The jury was not instructed to convict if they found that defendant was a broker, nor were they told that he was required to establish his innocence beyond a reasonable doubt. The entire instruction covered the law correctly and sufficiently. There was no error. The instruction must be viewed and construed as a whole.  A single instruction or a portion of an instruction cannot be considered separately from the entire charge. (People v. Horowitz, 70 Cal. App. 2d 675, 703 [161 P.2d 833]; People v. Ames, 61 Cal. App. 2d 522, 534 [143 P.2d 92].)
In addition to the foregoing the court gave the standard instructions on the presumption of innocence; that the burden of proof was on the People as to each and every element of the offense charged, including the element of specific intent; that if they had a reasonable doubt as to whether the People had satisfactorily proved any element of the offense charged they should acquit him. These and other instructions fully protected defendant's rights. Comparable instructions were held to be sufficient in People v. Bodey, 94 Cal. App. 420, 422 [271 P. 203], where the court instructed that (1) if, from all the evidence, the jury was satisfied to a moral certainty beyond a reasonable doubt that the defendant committed a certain act he should be found guilty; (2) if from all the evidence they were satisfied to a moral certainty beyond a reasonable doubt that he did not commit the act he should be found not guilty; (3) if from all the evidence they entertained a reasonable doubt whether or not the defendant did commit the act he should be found not guilty. Considering all the instructions as a whole, there was no error and defendant's rights had full protection.

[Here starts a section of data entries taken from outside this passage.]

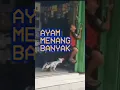 Download Lagu Bocil VS ayam, kali ini bocil menangis #unik #aneh #adaadaaja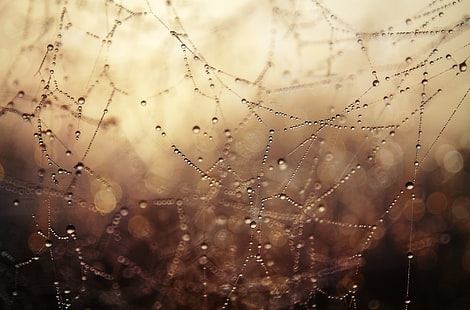 tetesan air, makro, kedalaman bidang, sarang laba-laba, Wallpaper HD HD wallpaper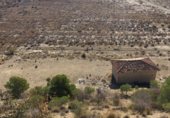 Land suitable for development for sale on Camí del Portell, Alicante, ref: TR350702 photo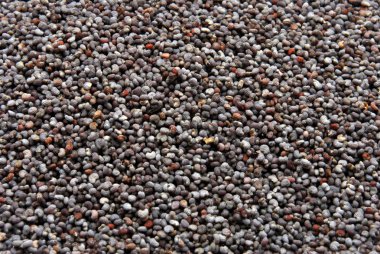 gri organik haşhaş tohumu doku 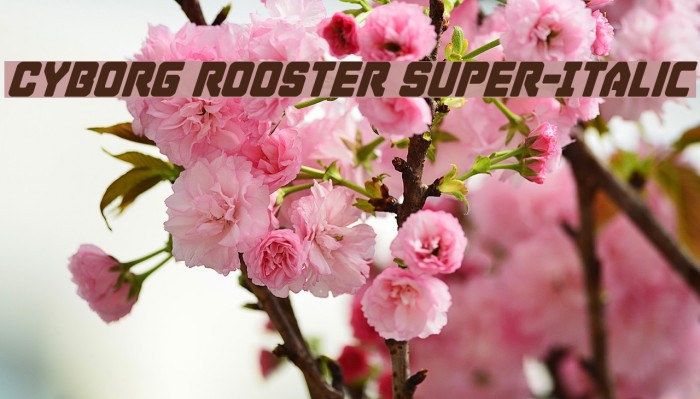 Cyborg Rooster Super-Italic Font examples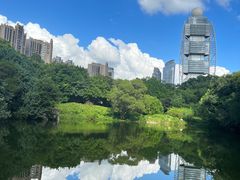 -深圳国际园林花卉博览园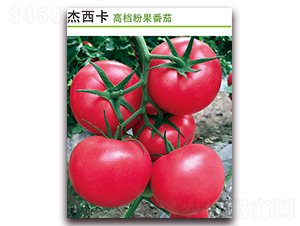 ������-���ѷN��-������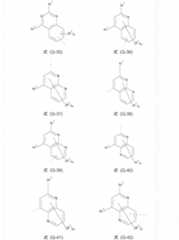 Figure 2022506382000019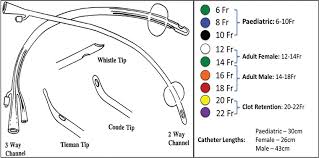 Skillful French Catheter Sizing Chart Pin Foley Catheter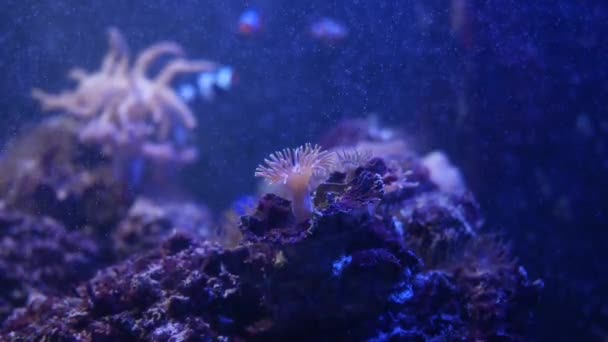 美丽的海花在水下世界与珊瑚和鱼相伴 海花在鱼缸里飘扬 鱼缸里有海葵海葵水下自然生命 — 图库视频影像
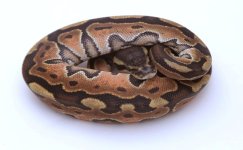 SUPER ENCHI CINNAMON.jpeg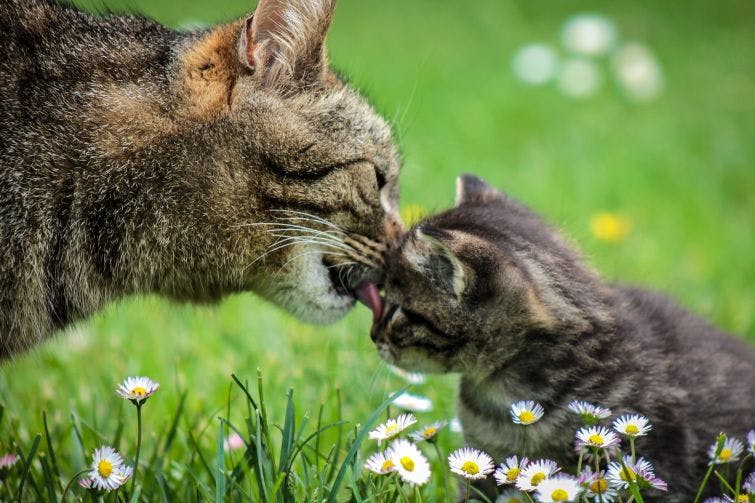 a cat licking a kitten's face in a field of flowers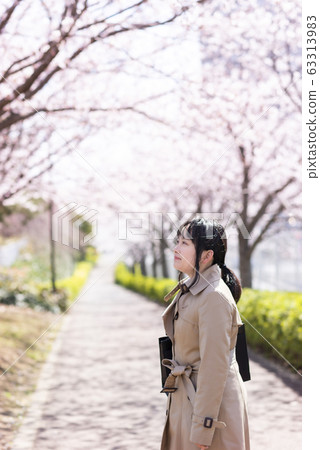 Row of cherry trees and young woman 63313983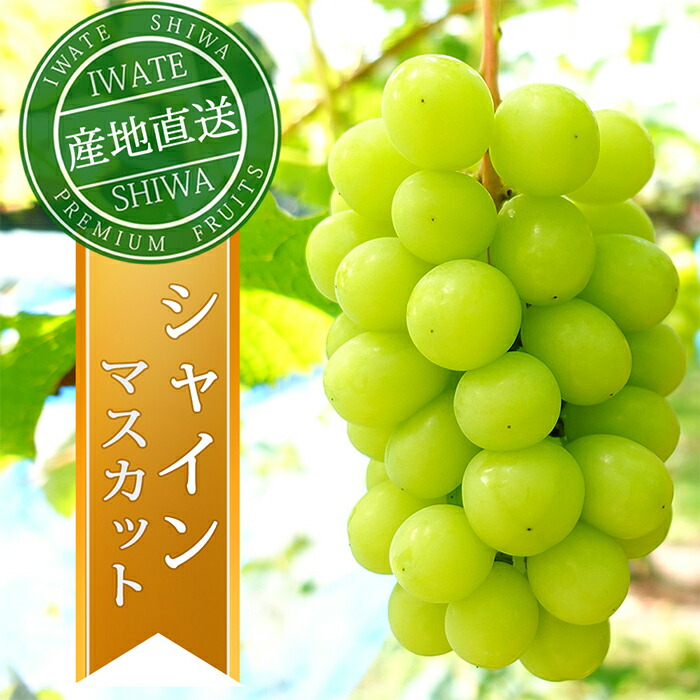 【ふるさと納税】＼先行予約／【数量限定】岩手県産 ぶどう シャインマスカット 約1kg (AR032-ss) 9月下旬発送開始 紫波町産 贈答品 ギフト フルーツ 葡萄 大粒 ブドウ 2房 高品質 完熟 甘い 新鮮 産地直送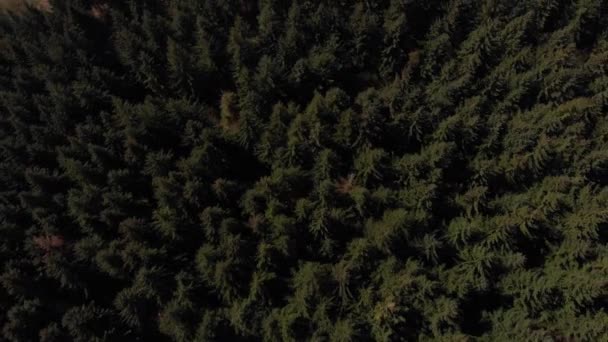 Drone Shot Travelling Backwards Out Forest Revealing Lady Bower Reservoir — Stok video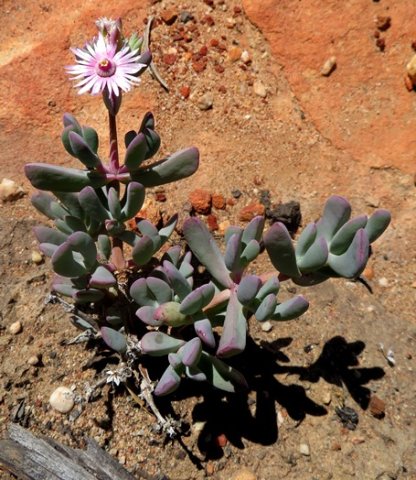 Oscularia cedarbergensis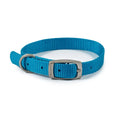 Ancol Viva Buckle Collar - Jalex Pet Products  Ancol Viva Buckle Collar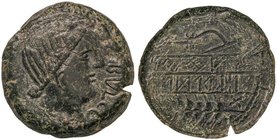 CELTIBERIAN COINS
As. 220-20 a.C. OBULCO (PORCUNA, Jaén). Anv.: Cabeza femenina a derecha, delante OBVLCO. Rev.: Arago a izquierda, debajo espiga a i...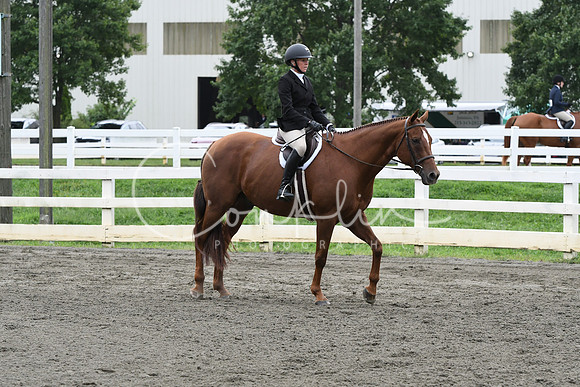 HSM_2877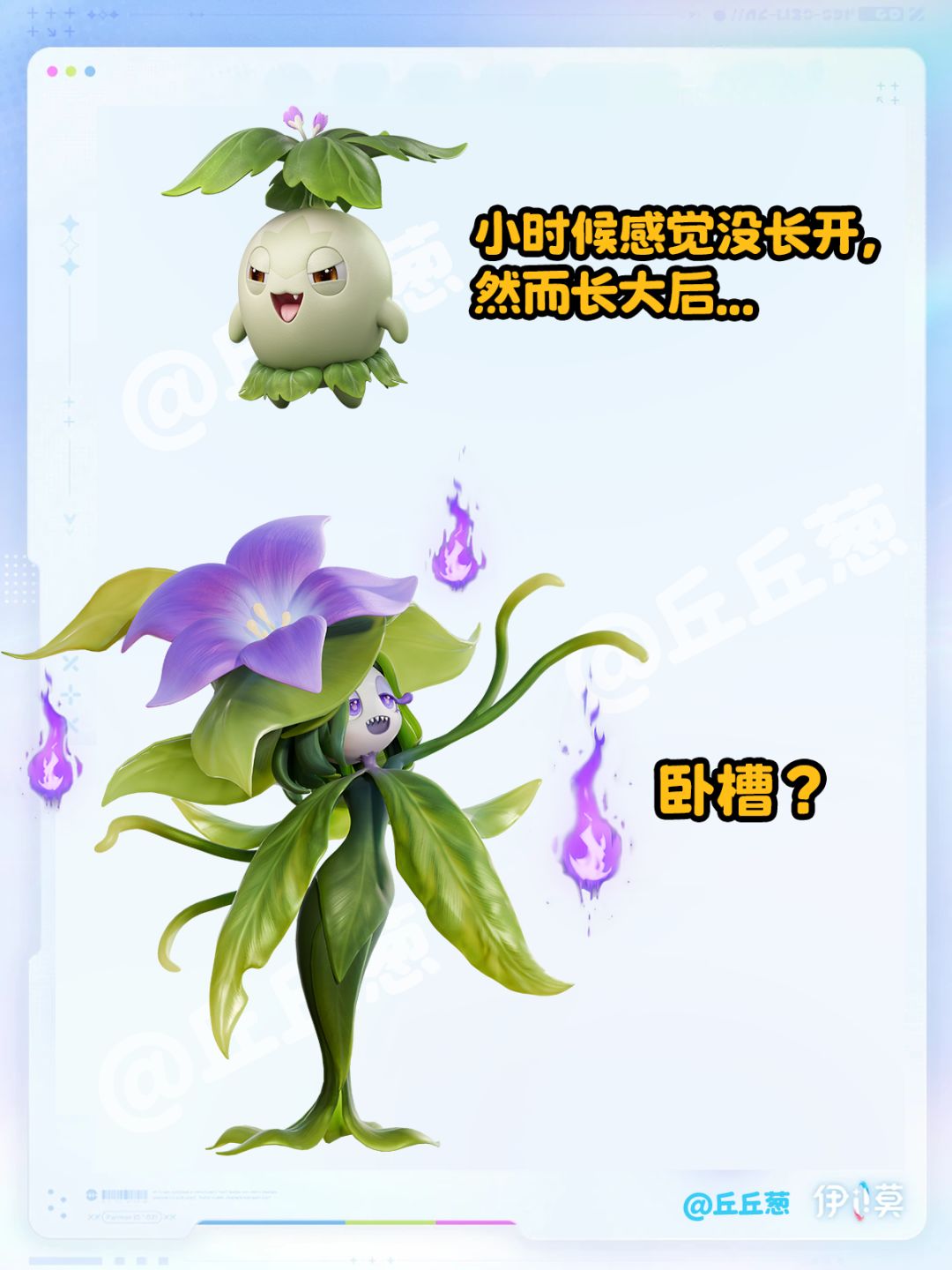 【伊莫】幼年形态已经很完美了... 8
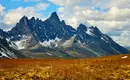 Abenteuer Yukon & Alaska: Paddeln auf dem legendären Fluss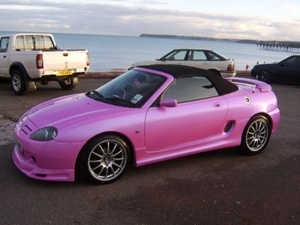 PINK20MGF20087[1]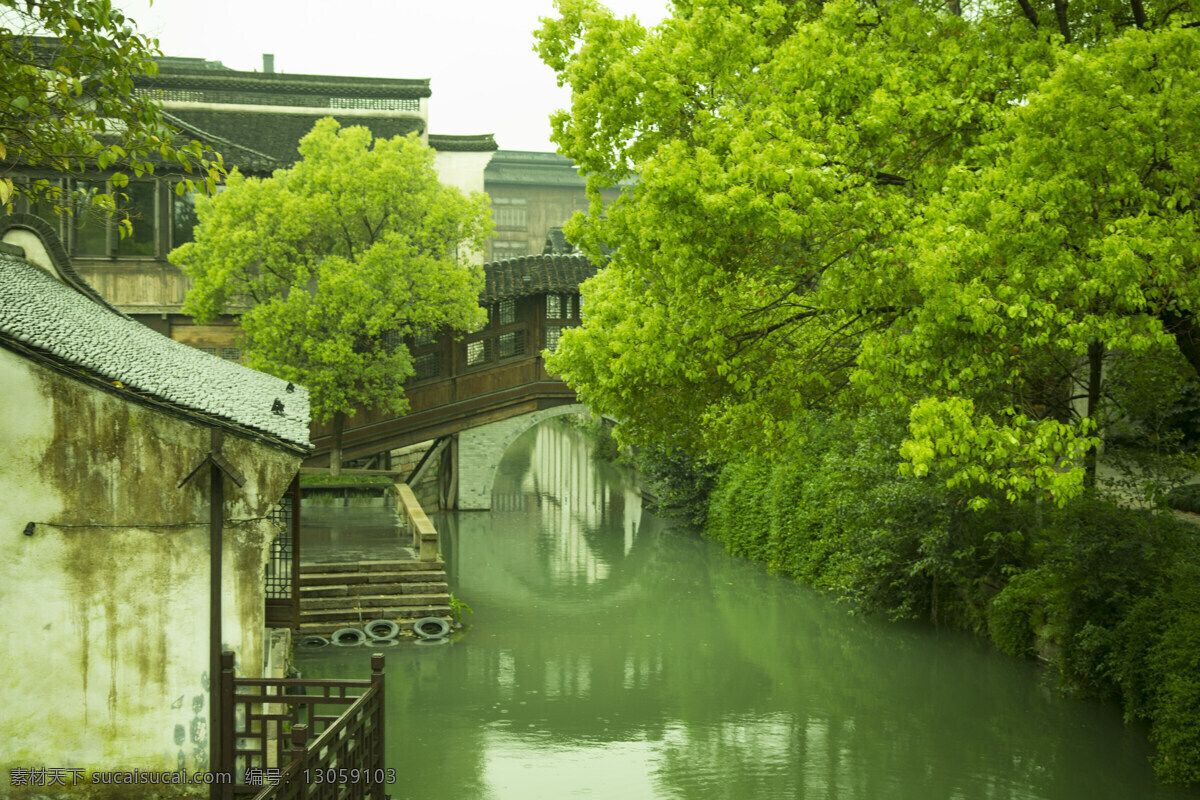 乌镇 清晨 绿意 江南 小桥流水 旅游摄影 国内旅游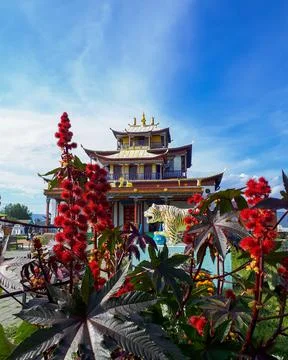 Buddhist monastery temple with tiger statue Stock Photos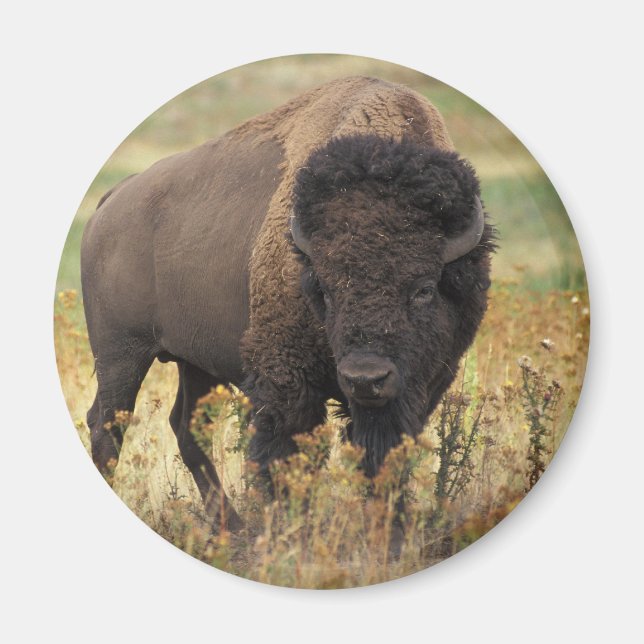 Bison Magnet (Framsidan)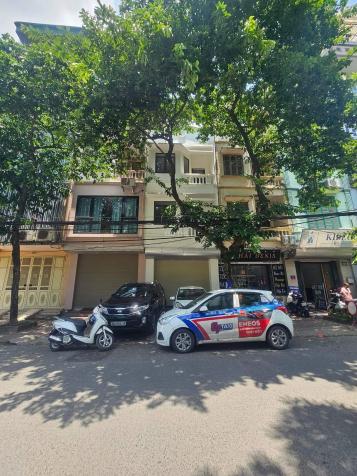 4273484 ảnh đại diện 1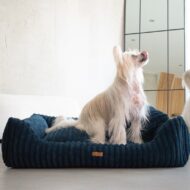 legowisko i bialy-pies-w-granatowym-legowisku-palermo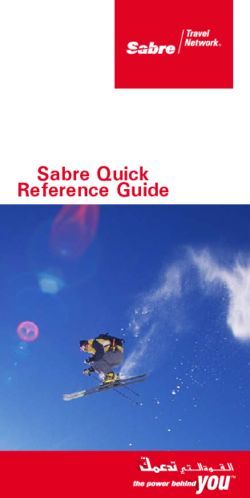 sabre format guide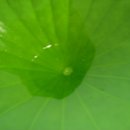 들꽃산장 이미지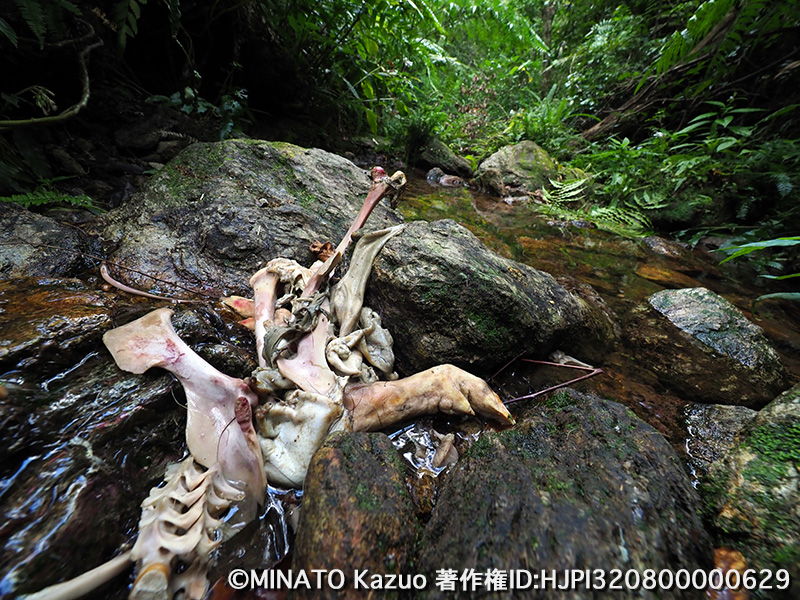 リュウキュウイノシシ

 3. Alleged error in directing the order of the trial. Defendant assigns error in that the court permitted counsel to argue the case to the jury before completing the reading of all the instructions. The court read a portion of the instructions, counsel for both sides presented their arguments, after which the remainder of the instructions were read. Subdivisions 5 and 6 of section 1093 of the Penal Code provide that counsel may argue the case and the judge may then [88 Cal. App. 2d 106] charge the jury. This section is not mandatory. Section 1094 provides that "... for good reasons, and in the sound discretion of the court, the order prescribed in the last section may be departed from." While the procedure adopted is unusual and is not to be commended for regular everyday practice, we do not find that the discretion of the court was abused or that defendant's rights were affected by the court's action. Departure from usual procedure is not error unless discretion has been abused. (People v. Valencia, 32 Cal. App. 631, 632 [163 P. 865].)
4. Alleged error of the court in commenting on the evidence. We have examined the remarks made by the court to the jury and do not find that they are outside the limits permitted by the Constitution and the statute. (Const., art. I, § 13; art. VI, § 19; Pen. Code, § 1093, subd. 6; § 1439.) The statement by the court that "the question for you to decide in this case is whether the trailer was left with Mr. Frazier as the broker of the seller or was it to be sold at a net price" was a correct statement of the issues presented by the evidence. Other remarks made by the court in connection with the instructions concerning the law were proper and not only did not exceed the constitutional privilege of the court to comment on the evidence but were helpful to the jurors in that such remarks placed in their minds the matters that they were required to consider and decide.
The order denying a new trial is affirmed.
Moore, P. J., and McComb, J., concurred.